Metro UI was built for tablets and touch screens and probably I would skip that version of Windows completely, if "classic" Windows Explorer didn't exist at all.

On the other hand, we are more or less at the enthusiast community so I will definitely install Win 8 - as second system - no matter what, as soon as I get a copy in my hands - I have already seen Win 8 preview release on my older second system.

Esperado
6th August 2012, 08:06
It works ok with Lav Filter, but, when i try to use FFDSHOW, despite i have chosen intel QuickSync, FFdshow says it uses Libavcodeck on H264 (TNT HD).
FFDSHOW says it uses Intel on non hd channels (mpeg2), so i believe install is correct.
I had tried both 64 bits and 32bit version as i use DVBViewer which is in 32 bits to watch TNT TV.
What the hell ?

(My config: Seven 64 bits with a Sandy bridge GT2 i5-2500K @ 4.6Ghz (HD graphics 3000) on a Z68 chipset and 4GB of ram)

egur
6th August 2012, 19:57
What's the driver version? Splitter version?

Esperado
6th August 2012, 20:50
What's the driver version? Splitter version?FFdshow and Lav : Last ones. Downloaded yersterday.
Intel Driver : 8.15.10.2696

Not a big problem, as LAV works perfectly and i can use FFDSHOW raw for some additional post processing. it is just to let you know and to try to understand what happens as well.

egur
7th August 2012, 08:42
Unfortunately, I can't test live TV streams since I don't have such a source available.
You can try installing a newer driver (from the 15.26 family) although this driver worked fine as far as I remember.
Can you play H264 files?
If LAV works with QS decoder and ffdshow doesn't, it means that some checks within ffdshow fail.

Esperado
7th August 2012, 13:05
Unfortunately, I can't test live TV streams since I don't have such a source available.
You can try installing a newer driver (from the 15.26 family) although this driver worked fine as far as I remember.
The last one i found at Intel download center is win7_64-152612 Version is 8.15.10.2761
Despite Windows said i had the latest ;-(
Same behavior.

Can you play H264 files?Yes, you're right: ffdshow says "Intel @Quicksync" with recorded files from TNT. Strange.

If LAV works with QS decoder and ffdshow doesn't, it means that some checks within ffdshow fail.Unintelligent connect from Directshow ?

BTW, do-you have contact with this guy ? : http://doom10.org/index.php?topic=717.0

Esperado
7th August 2012, 13:24
Also, i experience some freezes after long playings of tv streams with Quicksync.
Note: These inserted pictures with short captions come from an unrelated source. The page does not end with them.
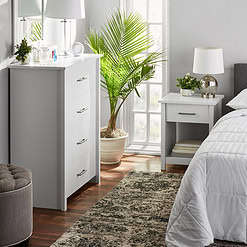 Mainstays Hillside Nightstand with Drawer, White Finish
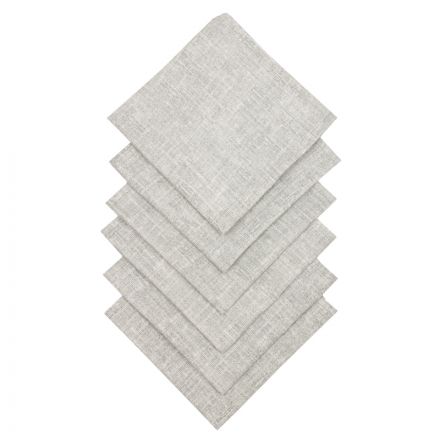 Салфетка 32х32см (к-т 6шт.), рогожка, 160г/м2, Рант серый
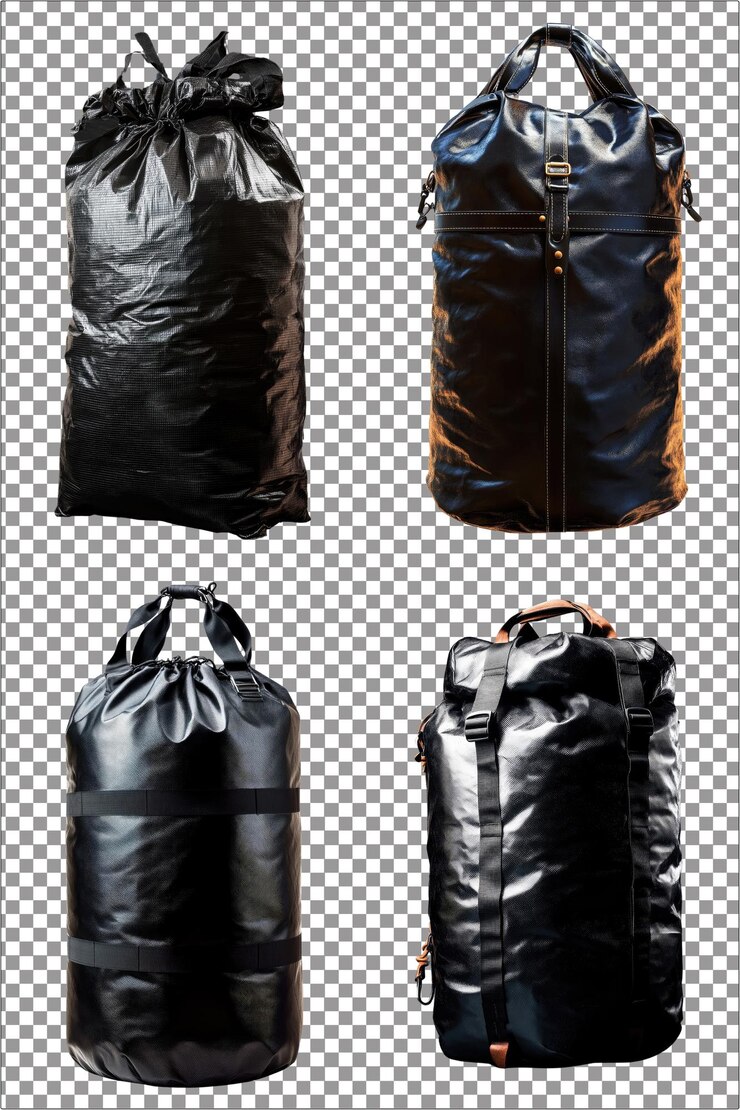 Bolsa grande y pesada vertical, sencilla, robusta y espaciosa para almacenar, hiperrealista, aislado PNG con claridad.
Closing application then reload, changing channel or rebuild graph and it is good for an other run. No such a problem with software decoders.

egur
7th August 2012, 14:26
FFDShow may recieve an incompatible fourcc or something of the sort. I don't know and can't test this.
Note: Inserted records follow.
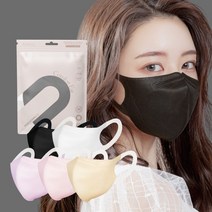 에어에이드 국산원단 날개형 새부리형 컬러마스크(중형 대형) 5가지 색상 5매입X4개(20매) /귀편한 부직포 소프트핏, Black(블랙)20매, Medium(중형), 4개, 5개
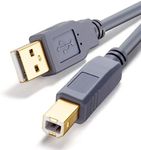 JAFSAL ONLINE Hi-Speed USB 2.0 Printer Lead - Standard cable Black A to B Cable - Printer Scanner Cord Compatible with- HP, Epson Brother Canon, Dell, Samsung, and Other USB B devices- 2 Meter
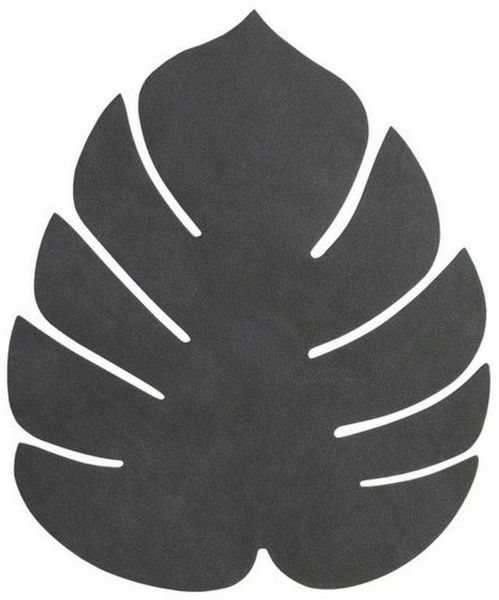 LIND DNA Platzset Tischset Monstera Leaf L schwarz, (Stück, 1-St, 1 Tischset), Recyclingleder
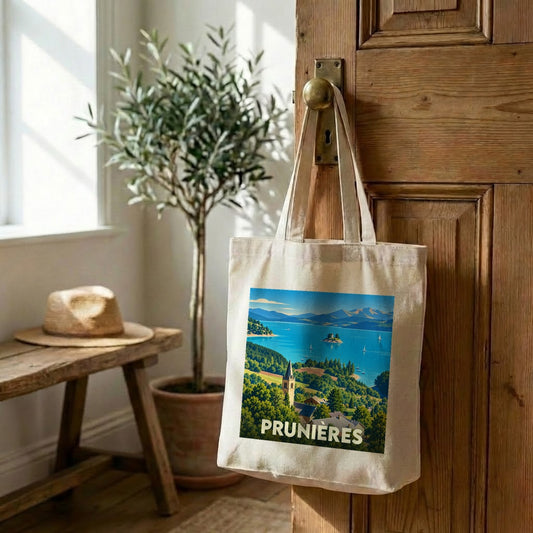 Tote bag souvenir de la ville de Prunières avec une illustration stylisée d'un paysage de montagne et de lac.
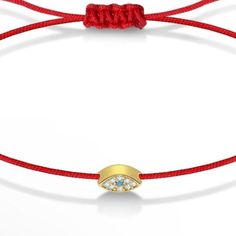 With a simple pull of the cord you can adjust this lucky bracelet to fit your wrist-- it's one size fits all protection red string bracelet! Handwoven on a durable nylon cord made specifically for jewelry, this bracelet features a macrame closure for easy wearing. A perfect give for your best friend, mom, grandmother, or anyone that you hold dear to your heart and to let them know you're thinking of them. The evil eye to watch over and protect you. Sterling silver with 14k yellow gold vermeil * Red Adjustable Friendship Jewelry, Red Adjustable Cord Friendship Jewelry, Red Adjustable Cord Jewelry For Friendship, Red Adjustable Cord Bracelets, Red Adjustable Nylon Cord Bracelets, Adjustable Red Braided Nylon Cord Bracelet, Adjustable Red Nylon Cord Bracelet, Adjustable Red Braided Nylon Bracelet, Adjustable Red Nylon Cord Braided Bracelet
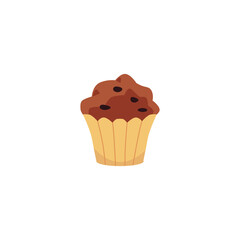 Muffin cake with chocolate chips icon, flat vector illustration isolated.
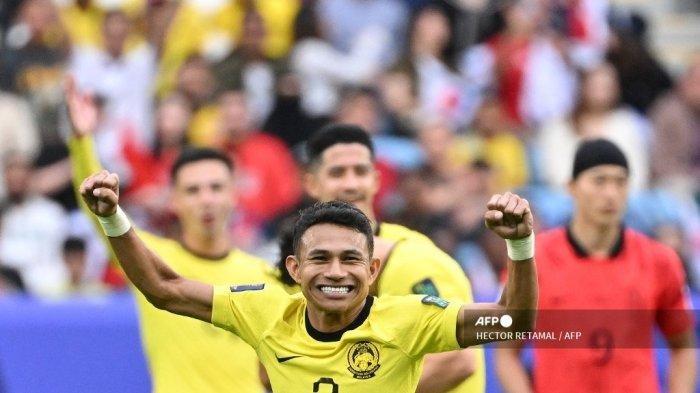Pemain depan Malaysia, Faisal Halim merayakan mencetak gol pertama timnya selama pertandingan sepak bola Grup E Piala Asia AFC Qatar 2023 antara Korea Selatan dan Malaysia di Stadion Al-Janoub di al-Wakrah, selatan Doha, pada 25 Januari 2024.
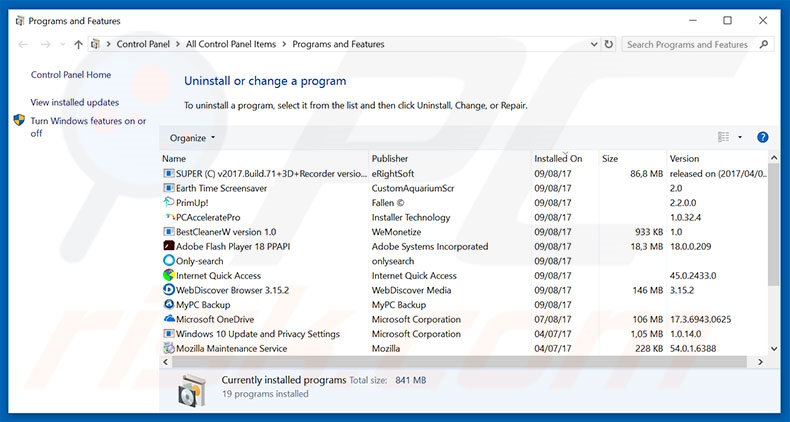 desinstalar el adware Bookmarks Button del Panel de control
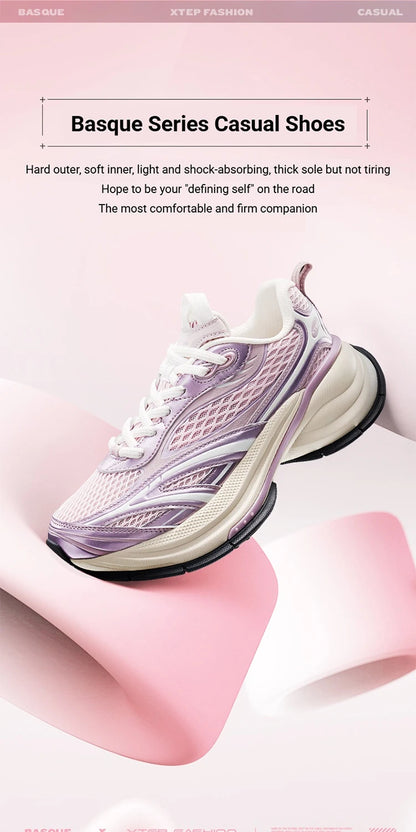 Xtep Basque 3 Sneakers Women Lightweight Wear-Resistant Trendy Durability Thick Sole Casual Sports Female Shoes 874218320006
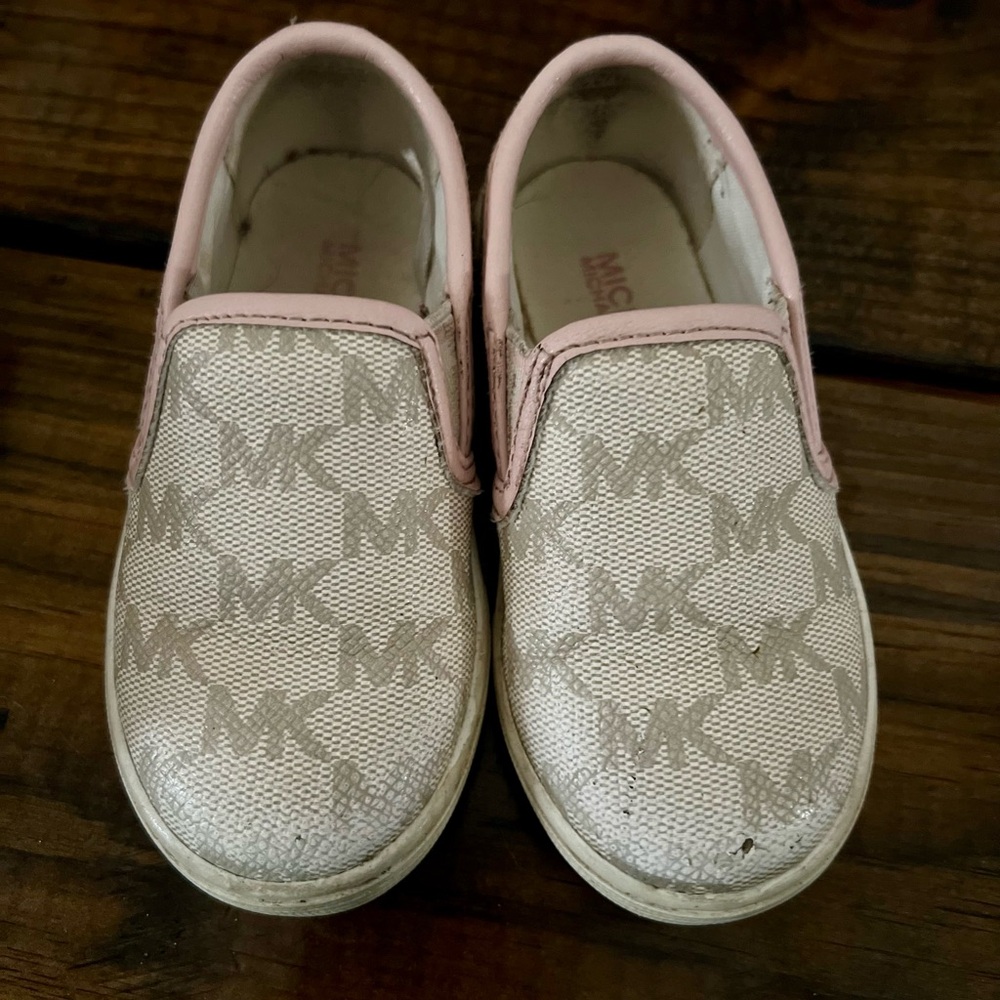 Michael Kors Kids Pink and Gray Slip-On Sneakers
I don't know the guy in the post. Intel 100K employees...

Esperado
7th August 2012, 16:30
I don't know and can't test this.How can-i help ?

Thunderbolt8
22nd August 2012, 04:55
does the intelquicksync hardware accelerarion only work when having an i5 (or similar cpu) AND the intel HD graphic card both running at the same time?

in case of the avatar 60p demo, I get almost 400fps with the intel decoder, compared to only 120 with coreavc. but since I use madvr, the intel card with only 25gb/s bandwith seems to be rather weak here and I get dropped frames if I priorize it over the Radeon mobility 7670, no matter which decoder of coreavc, lav video or ffdshow I use in both cases. it seems like the huge decoding advantage gets lots by the intel HD 4000 graphics cards bad performance with madvr.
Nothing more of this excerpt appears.